NBC Sports: How did you meet Kyle Busch?
Bell: We were actually going to a Snowball Derby test (in 2014) and he went with us.
NBC Sports: What were your initial impression of him?
Bell: I was shocked how he was just another, I don’t know. We flew on a plane from Concord, (North Carolina), to Pensacola, (Florida). I didn’t even know he was on the plane with us`and then all of a sudden we get off the plane and I end up riding in the car with him. We get to the race track and he was just in a T-shirt laying on the ground, working on his late model harder than any of his employees. It was cool to see how involved he was and how he was working on the car. He was on the radio asking what the car needed, then he was the one making changes to the car. I was blown away by how hands-on he was about the whole thing.

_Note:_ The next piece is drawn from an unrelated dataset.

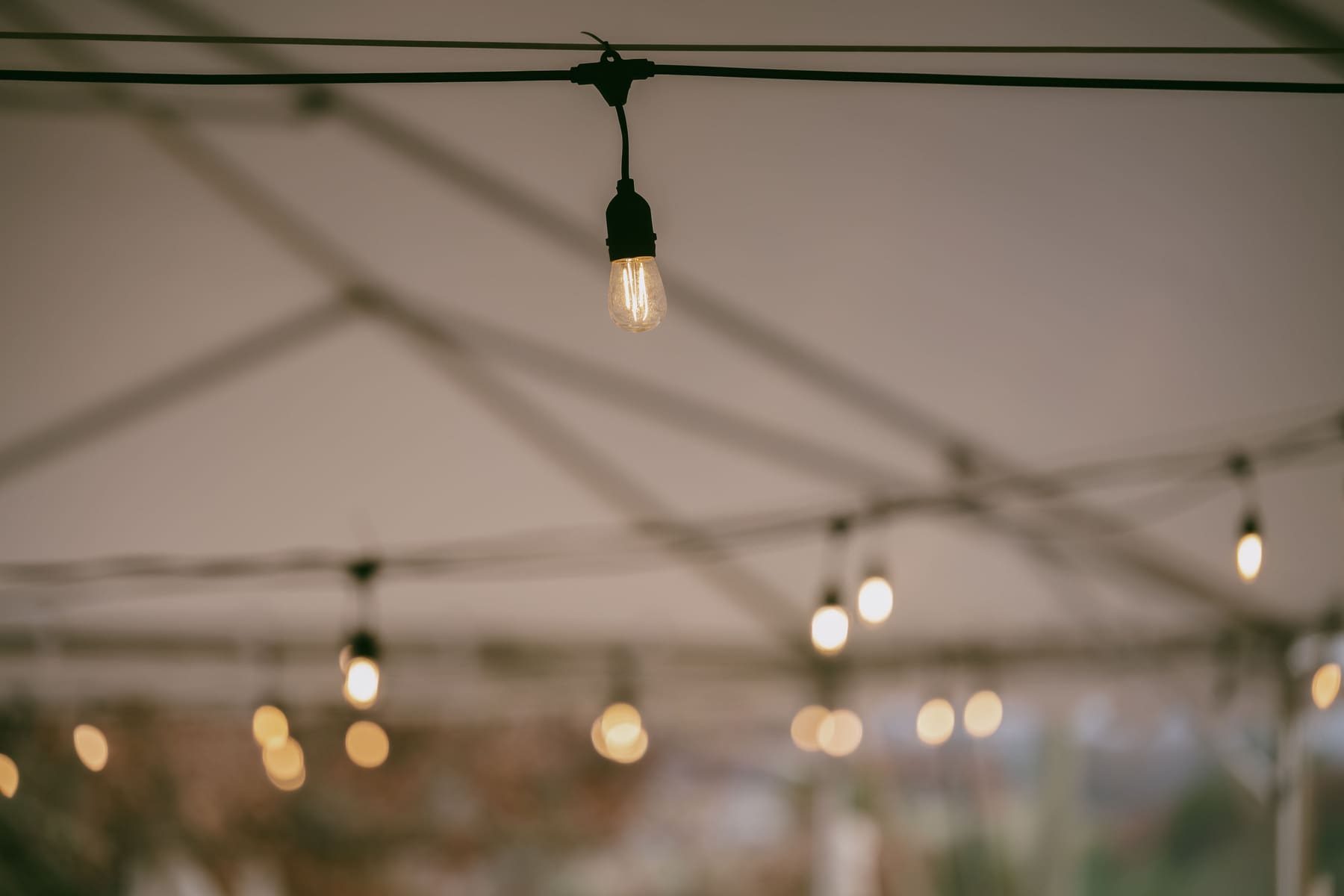 String lights glowing inside the tent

NBC Sports: You’ve got four more Xfinity races at the end of the year. If you could pick a track to race in Xfinity at, what would it be?
Bell: Bristol. Bristol is badass. The way the banking is, the short track. It’s a short track that races with speed like a mile-and-a-half. To me that’s just a recipe for awesomeness, man. It’s just one of the coolest races ever, because of all the stands wrapped around the race track. You’re basically racing in a coliseum. It’s one of my favorite tracks we go to.
NBC Sports: What’s been your highest high and the lowest low of our career?
Bell: The highest high was definitely winning the Chili Bowl. That was my dream race … that’s kind of what racing means to me is the Chili Bowl. So to win it was something that was incredible. My lowest low was probably wrecking last year at (Canadian Tire Motorsports Park) while qualifying. I wrecked a lot of trucks last year and then I went to Canada. Me and my crew chief (Jerry Baxter) sat down and we realized we can’t wreck. We had a big conversation about not wrecking and then I went out and wrecked in qualifying. So that hurt really bad. That stung.